The BMS board is very thin be careful not to break it in two (don't put it in a vice!) it was so thin that I was able to hold it in one hand and file with the other, it was done in a matter of a few seconds.
Bend your tinned ends of the PSU wires to 90 degrees to create a hook that will fit neatly from the rear of the BMS board through the notch you just filed and onto the front side of the positive and negative gold pads.
Be sure to respect the polarity here and make sure you connect the positive wire from the PSU to the positive pad of the upcycled BMS board, luckily they are handily labelled + and - respectively.
solder the thick (and at 5.45A they are quite thick wires) tinned and trimmed ends onto the front side of the gold pads, this will seem to be way to chunky but don't worry the Pleo has spring loaded battery terminals it will be fine.
You can put a fair amount of solder on here even if it results in a chunky blob, the springs will do their job and make a good connection, you may want to flatten the tinned ends in a vice or pliers to make this a little neater.
Don't mess with the third thermistor pad, no need, again the spring will make contact so leave it alone.
Step 4: Reassemble Battery Compartment With Tethered PSU
Slide the BMS board back into the battery compartment observing polarity so that all three gold pads are visible from the outside of the battery box, the thick PSU wires should be neatly routed through the two notches you filed in the BMS and the ferrite choke should fit neatly inside the battery box.

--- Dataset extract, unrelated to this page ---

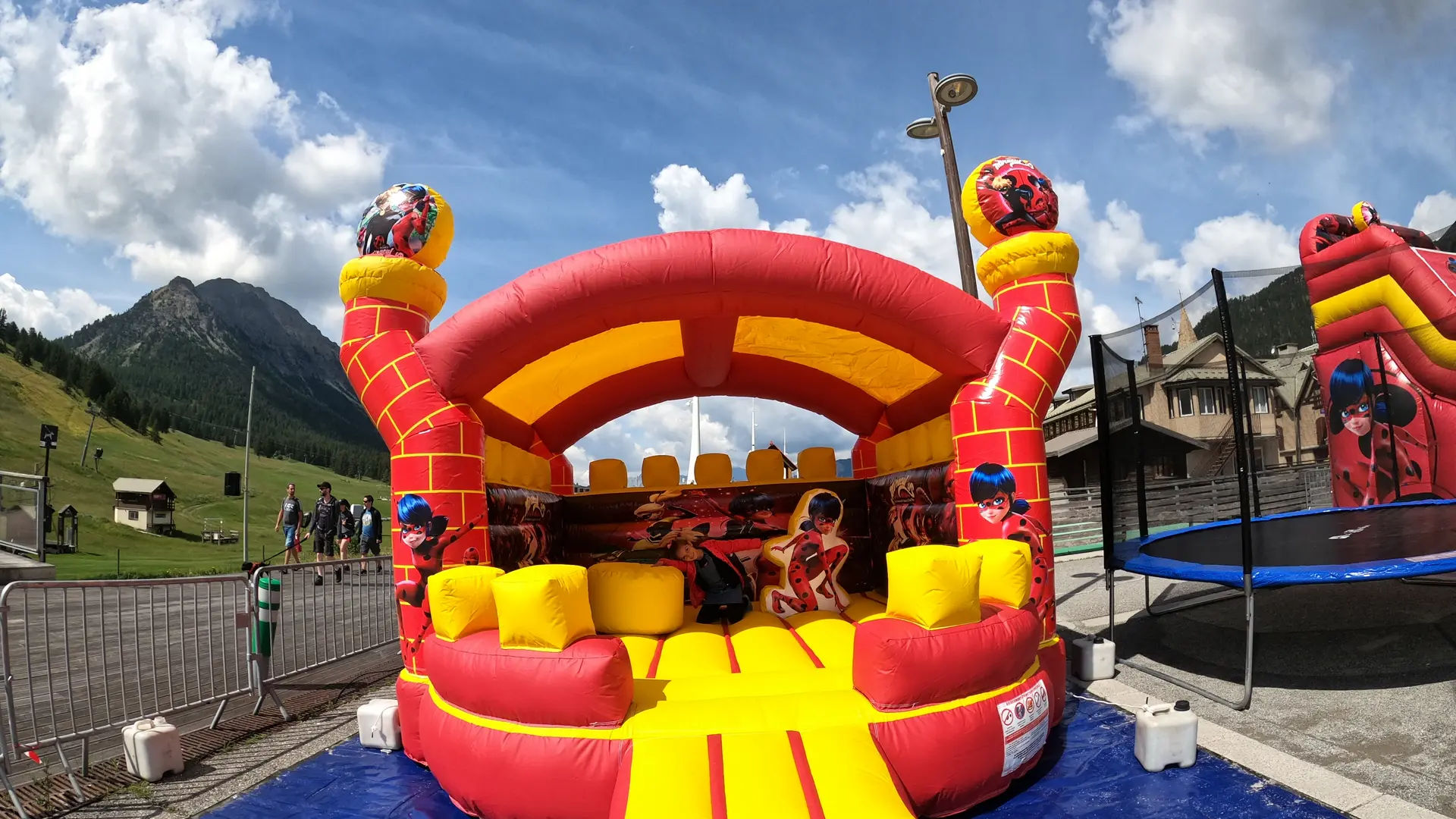 Jeux Gonflables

Pack the rest of the box with a non flammable packing material (I used an old dry hard kitchen sponge but any insulating packing foam will do) clip the inner lid part back onto the battery compartment and secure with insulating tape (don't glue it yet, not until you have tested it) stretch the tape over the circular lug that the lock fits on and down through the two slots that the turn key, turns in.
Clip the outer lid part back in place and voila you are ready to resurrect your Pleo RB!
Step 5: Insert Your Newly Created Battery Defeating PSU Teather and Test.
Slide the battery box (with tethered PSU cable trailing out) back into Pleo RB, plug in and test.
If you don't get a power light straight away, remove battery and check that the BMS board has not been pushed in by the springs, if so use a firmer packing material inside the battery case. I found that the pads needed a little filing/cleaning to get the excess (insulating) flux off the solder blobs, and it took a few goes to get the red light showing on Pleo's belly. Power it up and play with your newly "Re-Born" Pleo for hours on end. You will never need to purchase another expensive (poor quality) Pleo RB battery again.